Dataset entries
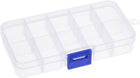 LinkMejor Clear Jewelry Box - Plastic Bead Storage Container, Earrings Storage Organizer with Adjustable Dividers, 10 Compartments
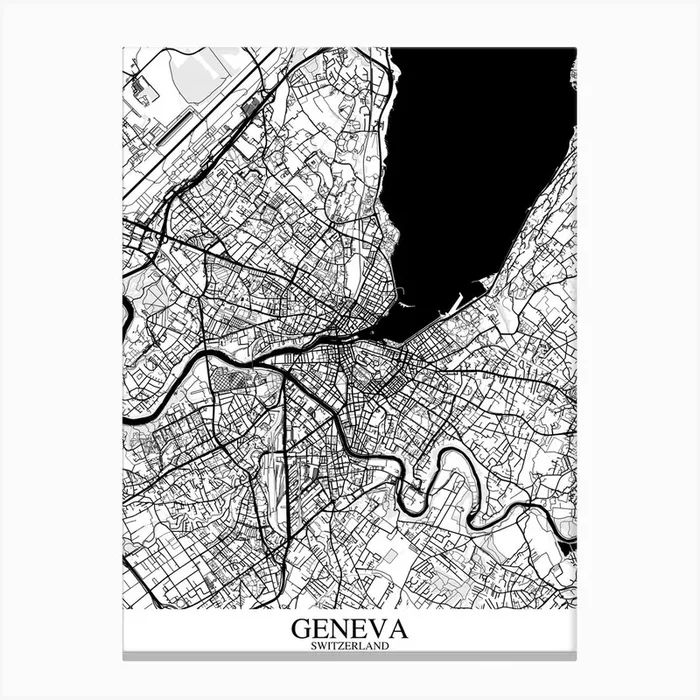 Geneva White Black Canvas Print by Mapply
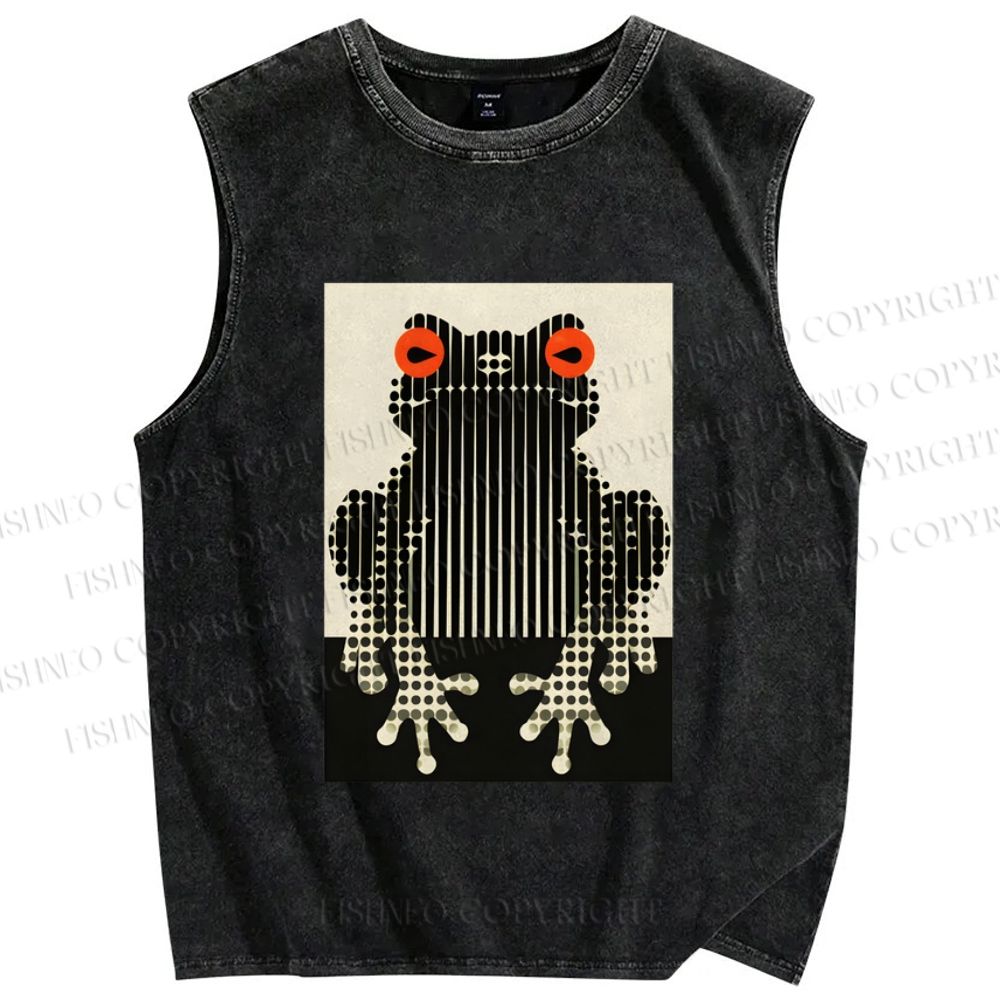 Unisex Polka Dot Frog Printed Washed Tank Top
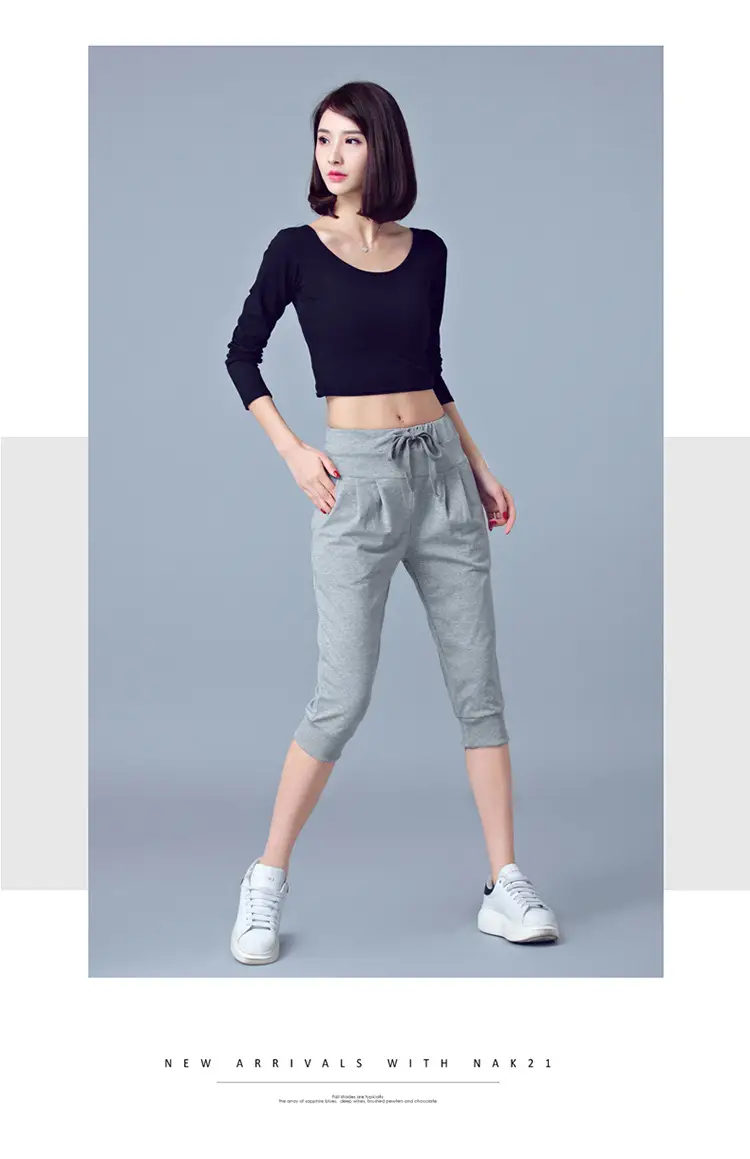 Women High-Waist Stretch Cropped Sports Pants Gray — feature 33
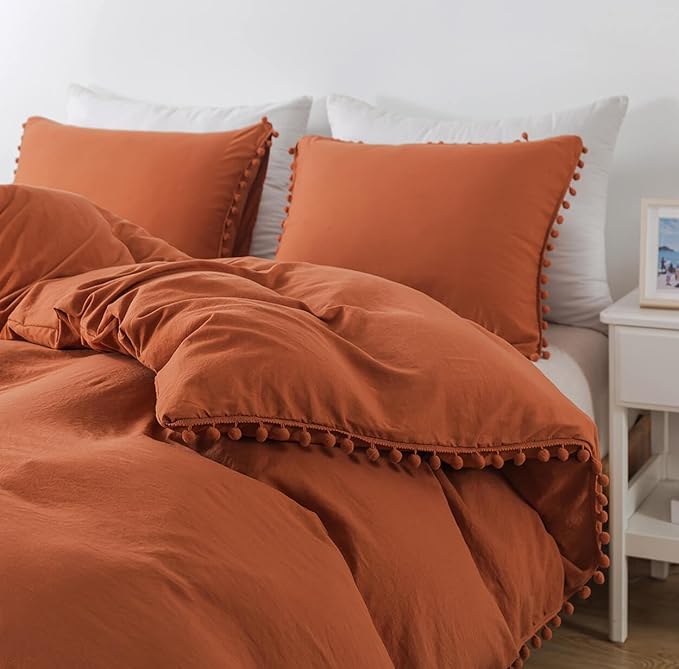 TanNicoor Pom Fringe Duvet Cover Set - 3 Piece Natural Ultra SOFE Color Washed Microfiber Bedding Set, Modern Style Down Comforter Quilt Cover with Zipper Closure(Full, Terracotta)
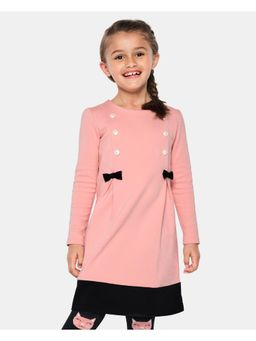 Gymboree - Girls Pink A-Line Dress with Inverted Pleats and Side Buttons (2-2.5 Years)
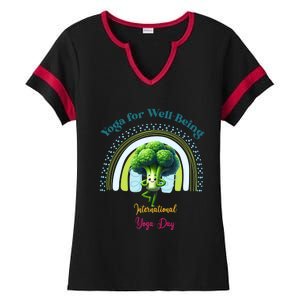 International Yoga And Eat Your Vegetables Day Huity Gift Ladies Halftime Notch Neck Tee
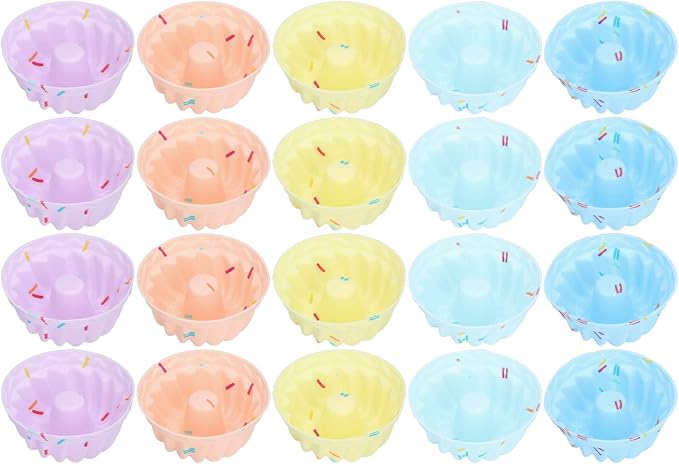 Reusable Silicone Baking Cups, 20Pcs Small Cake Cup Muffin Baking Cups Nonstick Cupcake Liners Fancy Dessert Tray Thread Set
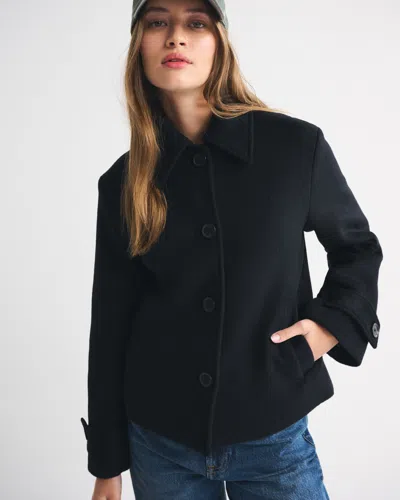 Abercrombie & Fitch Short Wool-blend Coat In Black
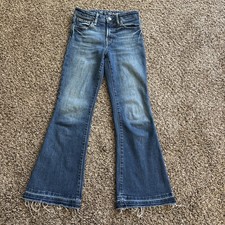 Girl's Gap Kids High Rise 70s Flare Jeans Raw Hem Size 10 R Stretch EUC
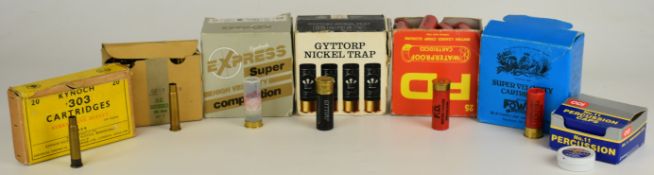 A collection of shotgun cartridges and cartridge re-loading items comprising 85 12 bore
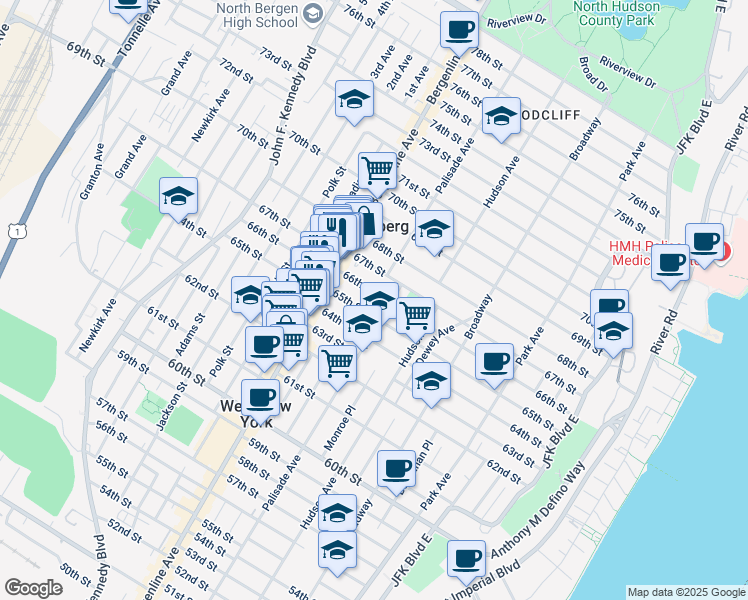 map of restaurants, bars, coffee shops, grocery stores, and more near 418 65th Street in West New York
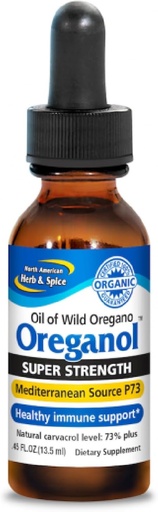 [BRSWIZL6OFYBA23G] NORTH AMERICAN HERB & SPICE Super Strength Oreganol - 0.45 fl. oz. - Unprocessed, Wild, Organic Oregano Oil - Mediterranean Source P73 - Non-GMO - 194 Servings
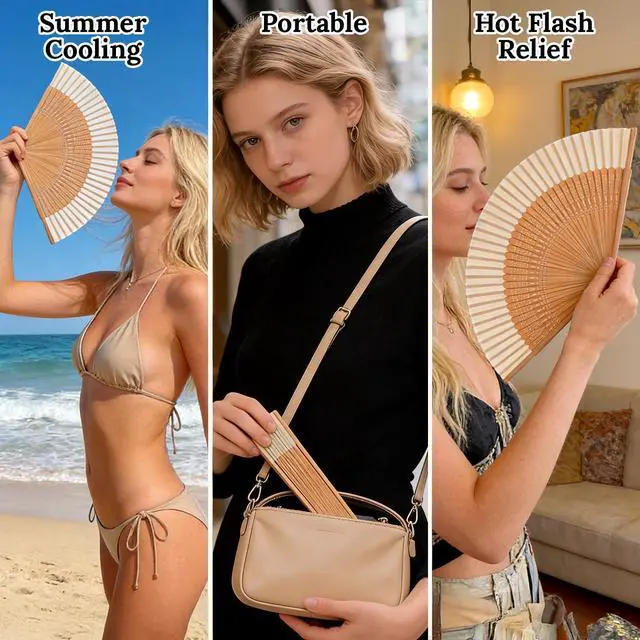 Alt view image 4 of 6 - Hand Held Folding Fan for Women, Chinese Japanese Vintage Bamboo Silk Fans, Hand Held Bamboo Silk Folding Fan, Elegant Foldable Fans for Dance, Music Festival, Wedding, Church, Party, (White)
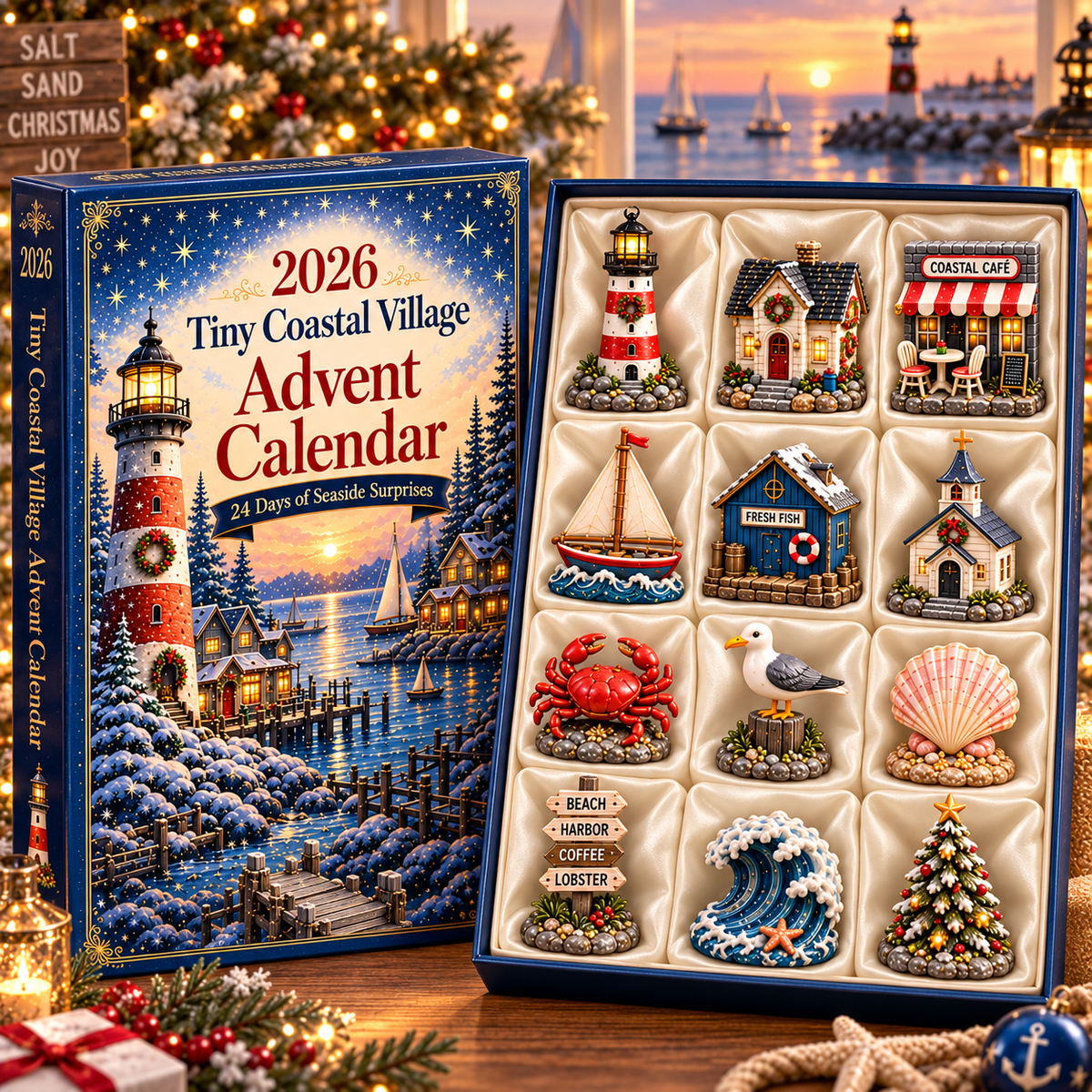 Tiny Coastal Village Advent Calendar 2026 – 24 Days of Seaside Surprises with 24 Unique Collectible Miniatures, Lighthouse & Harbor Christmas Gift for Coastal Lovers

Work task: Write out exactly the lines from the one that contains "Alt view image" through the last line of the data above, both included. Leave every picture out.

Answer space:
 Alt view image 4 of 6 - Hand Held Folding Fan for Women, Chinese Japanese Vintage Bamboo Silk Fans, Hand Held Bamboo Silk Folding Fan, Elegant Foldable Fans for Dance, Music Festival, Wedding, Church, Party, (White)
 Tiny Coastal Village Advent Calendar 2026 – 24 Days of Seaside Surprises with 24 Unique Collectible Miniatures, Lighthouse & Harbor Christmas Gift for Coastal Lovers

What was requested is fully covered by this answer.